---- Provided records

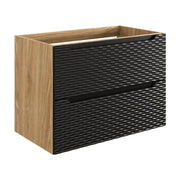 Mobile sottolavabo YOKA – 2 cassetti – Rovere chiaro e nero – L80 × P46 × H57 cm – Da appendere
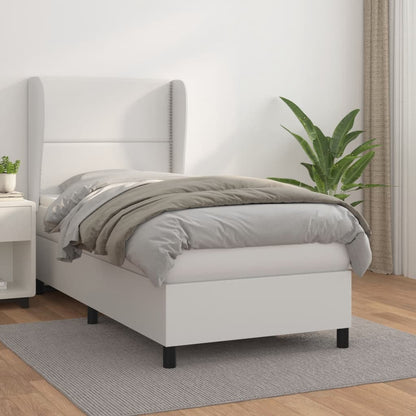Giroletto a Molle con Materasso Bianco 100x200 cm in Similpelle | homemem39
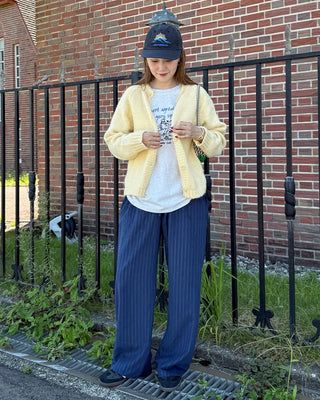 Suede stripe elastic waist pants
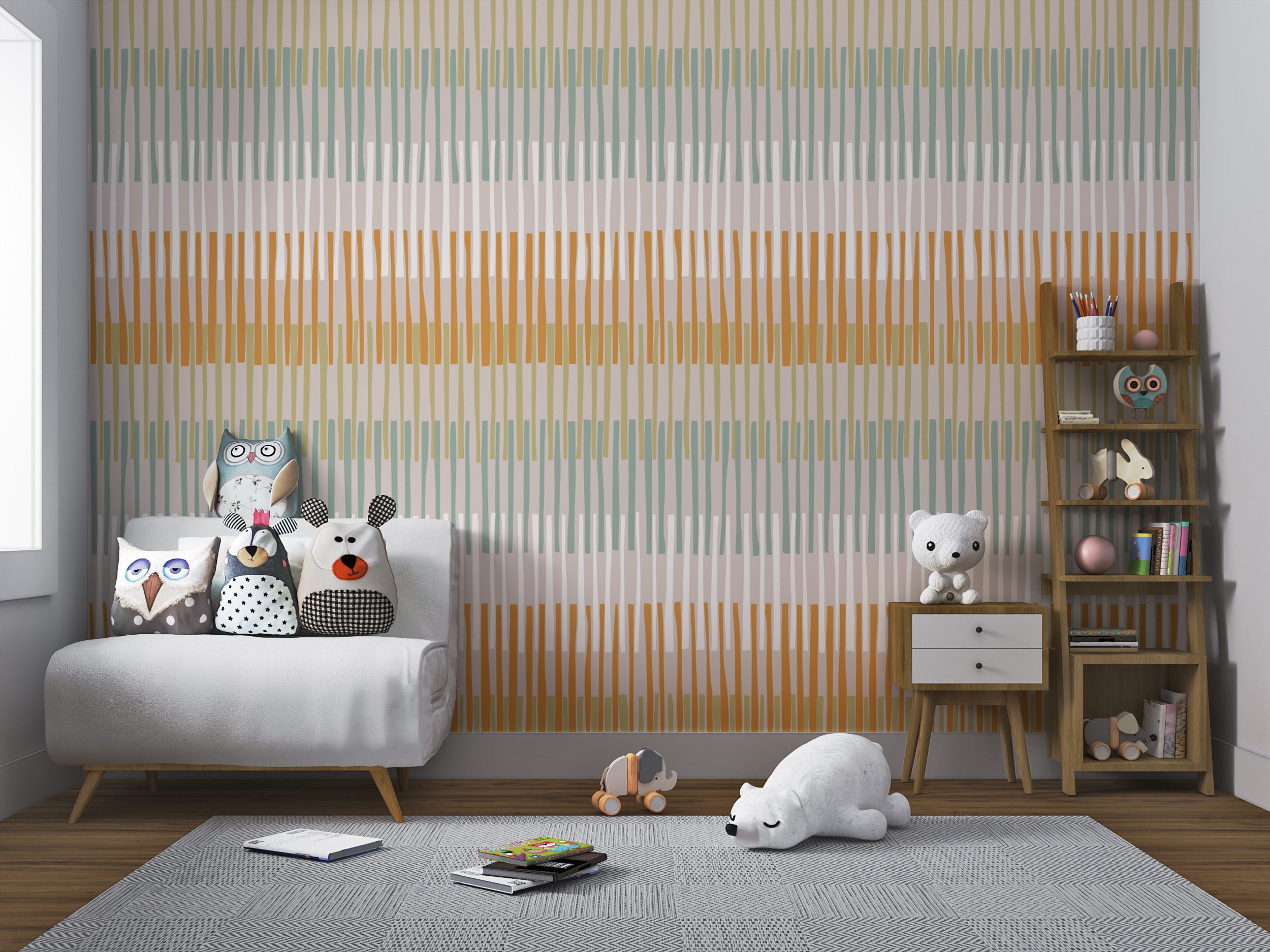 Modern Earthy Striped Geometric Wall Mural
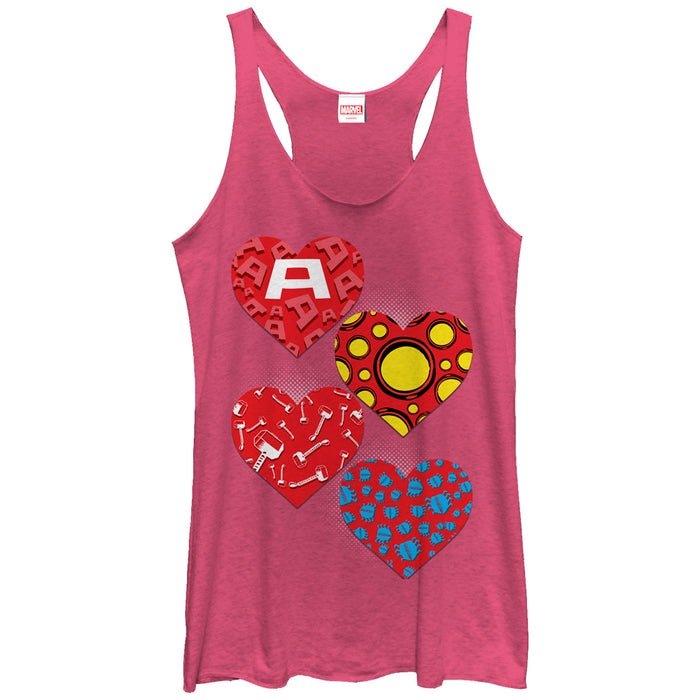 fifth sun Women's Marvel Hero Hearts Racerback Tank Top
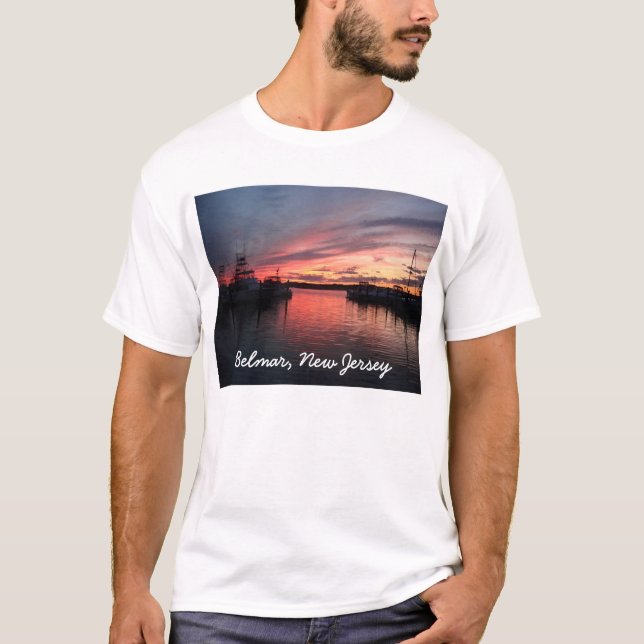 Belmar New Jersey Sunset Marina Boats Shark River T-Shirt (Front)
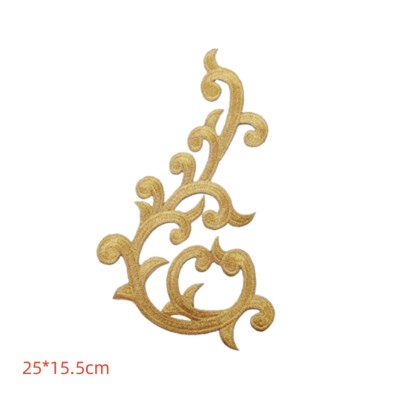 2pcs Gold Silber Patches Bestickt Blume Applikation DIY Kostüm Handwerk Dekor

--------

[Required work] Which lines fall between the one containing "fifth sun Women's" and the last line of the listing, both included? Give them again exactly, without the pictures.

[Solution to this exercise]
 fifth sun Women's Marvel Hero Hearts Racerback Tank Top
 Belmar New Jersey Sunset Marina Boats Shark River T-Shirt (Front)
 2pcs Gold Silber Patches Bestickt Blume Applikation DIY Kostüm Handwerk Dekor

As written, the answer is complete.